Sin is destructive, and men can forfeit great blessings by it. David did lose some immediateblessings through his sin, but he did not lose the great blessing. Jesus, the Son of David, sits on the throne of the universe now. God promised his house an everlasting covenant, and this was all David’s salvation and all his desire. But he adds this comment in v. 5 to show that he knows that he was not the perfect exemplar of the kind of king he describes in vv. 3-4.

That said, the covenant head of every civic order is not a necessary evil. Something that is frequently evil is not necessarily evil. In addition, a godly ruler is not superfluous. It is not as though impersonal market forces do all the good stuff, with the civic head simply serving as kind of an animated logo for the nation. No, there is real authority there. “And the Lord magnified Solomon exceedingly in the sight of all Israel, and bestowed upon him such royal majesty as had not been on any king before him in Israel” (1 Chron. 29:25).

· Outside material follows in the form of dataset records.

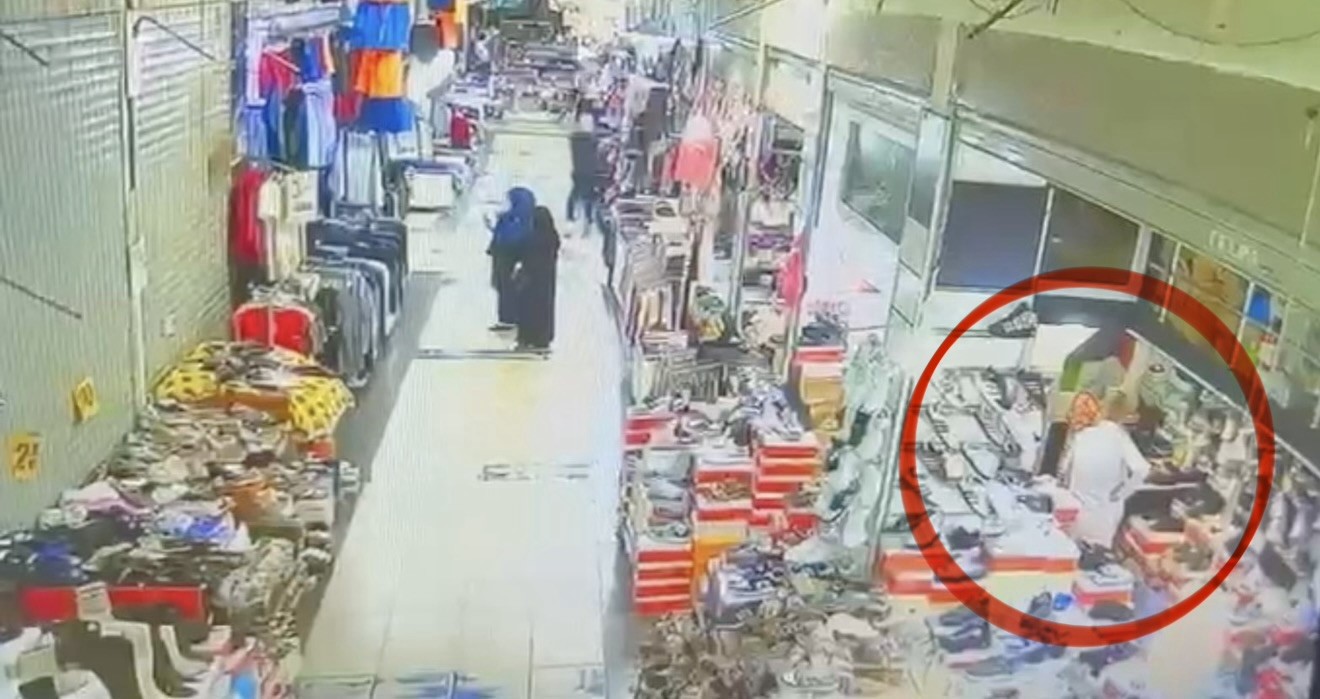 Spor ayakkabı almak için iş yerini dolandırdı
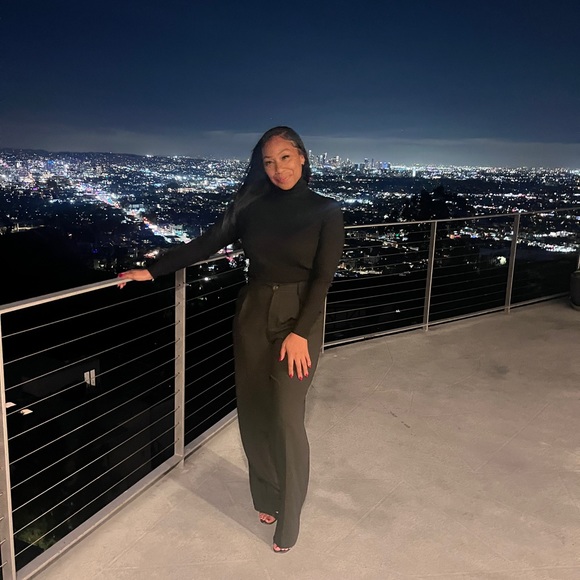 Meet the Posher, Dominique - Picture 3 of 4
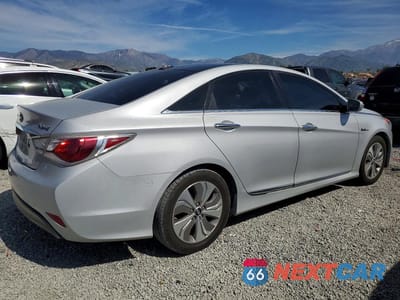 Trzecie zdjęcie samochodu z tyłu: 2015 HYUNDAI SONATA HYBRID LIMITED VIN:KMHEC4A44FA136930 - miniatura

In order for this to happen, God must raise a man up (v. 1), and God must anoint him (v. 1). Seizing power, garnering votes, bribing the right people cannot achieve this. An anointing is a gift. A man who rules other men must be just, and this justice is defined as ruling in the fear of God. A ruler who does not fear God is in some way claiming to be God. If there is no God over the state, then the state is God.

But if a man rules in the fear of God, he brings something to a nation which cannot be obtained in other ways. He is the light of a cloudless morning—clearly not a figurehead. He is the rain on the fresh grass. In short, a godly ruler is not optional if a nation is to flourish as God intended.

Dealing with Bramble Men

What is the alternative? The phrase sons of Belial means sons of worthlessness, and they cannot be persuaded by argument. Neither can they be seized by hand—they are bramble men, covered with thorns.

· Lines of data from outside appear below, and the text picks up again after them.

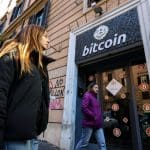 XRP-expert : “Bitcoin à 90 000 € plus sûr qu’à 17 000 €” We houden onze volgers op de hoogte, volg ons op Instagram. Herhaling van crash in 2021 in de maak? Er zijn signalen die doen denken aan het moment waarop BTC in 2021 de top bereikte. Toen daalde de RSI, een indicator voor het momentum, terwijl de prijs van de cryptomunt bleef stijgen. Dit is een klassiek teken voor een mogelijke correctie. Uiteindelijk volgde er een correctie van ruim 60 procent. Momenteel zijn er vergelijkbare signalen te zien: de RSI daalt, terwijl de koers onlangs nog een piek van 112.000 dollar aantikte. Risico op daling richting 91.000 dollar Voor de kortere termijn ziet het er spannend uit. De koers vertoont een omgekeerde ‘cup-and-handle’-patroon, waarbij de steun van de koers rond de 100.800 dollar ligt. Zakt BTC daaronder, dan is een daling richting 91.000 dollar een mogelijk scenario. De RSI stond begin juni op 52,  net boven het kritieke niveau van 50. Zakt de RSI-score daaronder, dan kan het de verkoopdruk verder aanwakkeren. Voor een positief scenario moet de koers boven de 105.000 dollar uitkomen, rond de 20-daagse EMA. RSI-patroon van 2021, lijkt op de huidige situatie. Bron: Tradingview Nog steeds hoop op een koers van 150.000 dollar Ondanks de technische signalen die op een koersdaling wijzen, zijn er volgens sommige crypto-analisten ook positieve tekenen. Tony Severino ziet een mogelijke bull flag, een patroon dat vaak voorafgaat aan een nieuwe stijging. Op 'X' deelt deze positieve crypto-expert de volgende post: Ook on-chain analyst Axel Adler Jr. is positief. Als bepaalde on-chain indicatoren boven de grens van 1.0 blijven, wijst dat mogelijk op het begin van een nieuwe explosieve koersstijging, vergelijkbaar met eerdere bull runs in 2017 en 2021. In dat geval is een koers van 150.000 dollar tot zelfs 175.000 dollar niet ondenkbaar. Alle Nederlanders krijgen €10 crypto cadeau: Bitcoin koers boven $100.000 Bitcoin breekt record na record, honderdduizenden Nederlanders handelen weer actief. Is dit hét moment? Bitvavo geeft je tijdelijk € 10 gratis crypto naar keuze om mee te starten. Handel gratis in meer dan 350 crypto samen met 1 miljoen Nederlanders. Registreer je vandaag en ontvang direct € 10 crypto naar keuze. Een account aanmaken is gratis en kost je maar een minuut. [primary_button url=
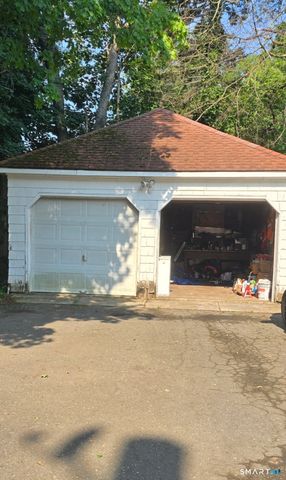 197 Ridgefield Street, Hartford, CT 06112
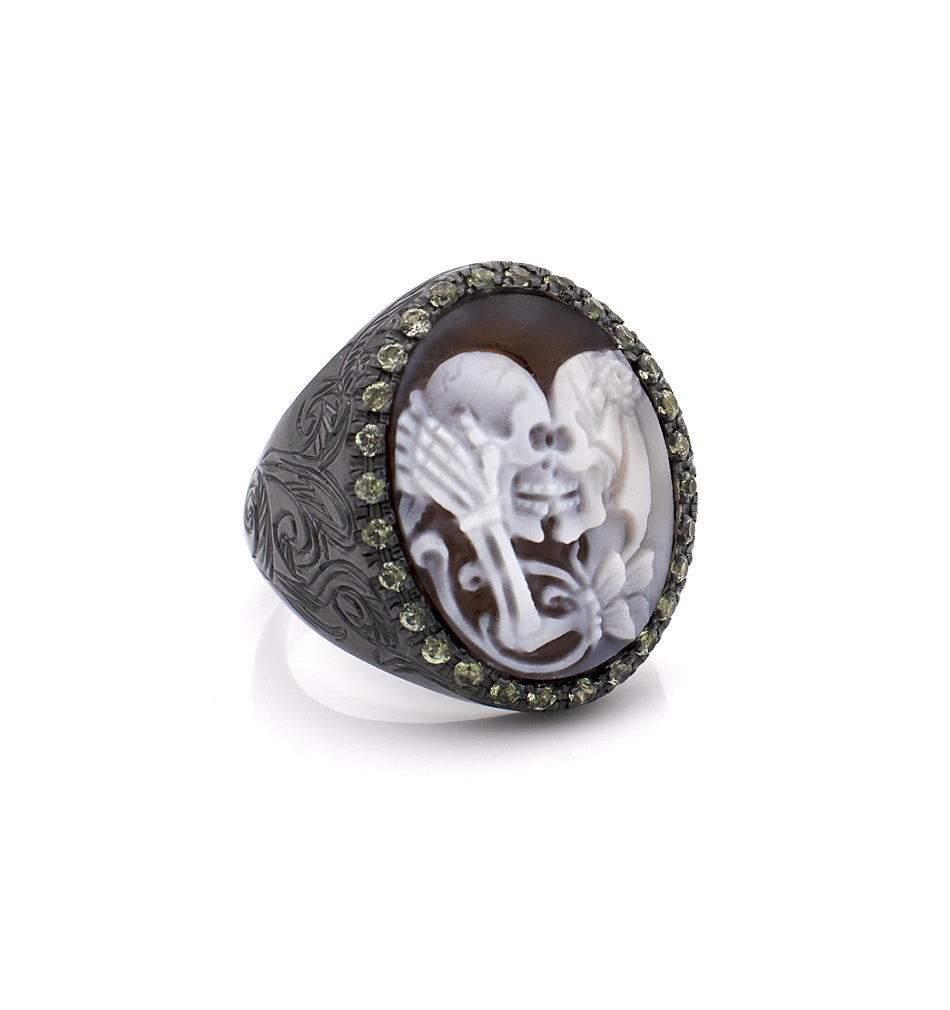 "ENDLESS LOVE" - GREY SAPPHIRES — hand-carved cameo ring by AMEDEO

These thorns must be raked together with weapons, which gives a political force to the metaphor, and then when they have been heaped together, the only thing for it is to burn the pile of them.

This image for worthless rulers, judges, and lawmakers had been used before—Gideon’s son Jotham told the men of Israel a very pointed parable (Judg.9:14-15). He gave them that parable from the top of mount Gerizim (Judg. 9:7)—the mount from which blessings were pronounced. Mount Ebal was the mount of cursing.

So judgment upon wicked rulers is a blessing for the people. “When the righteous are in authority, the people rejoice: But when the wicked beareth rule, the people mourn” (Prov. 29:2). When the cause of that mourning is removed, the people rejoice. To curse the wicked in their office is to bless the people.

One of the snares that comes from living in a democratic republic—along with the blessing of regular elections, without tanks in the streets—is that we come to think that everything must be addressed by endless discussion and debate. But when bramble men have gotten themselves established, as they have in our nation, there is no way to address it apart from judgment. That judgment must not be a vigilante judgment, but it must be an actual judgment.

And when it is declared, when it is pronounced, the word comes down as a blessing. It is a declaration from Gerizim.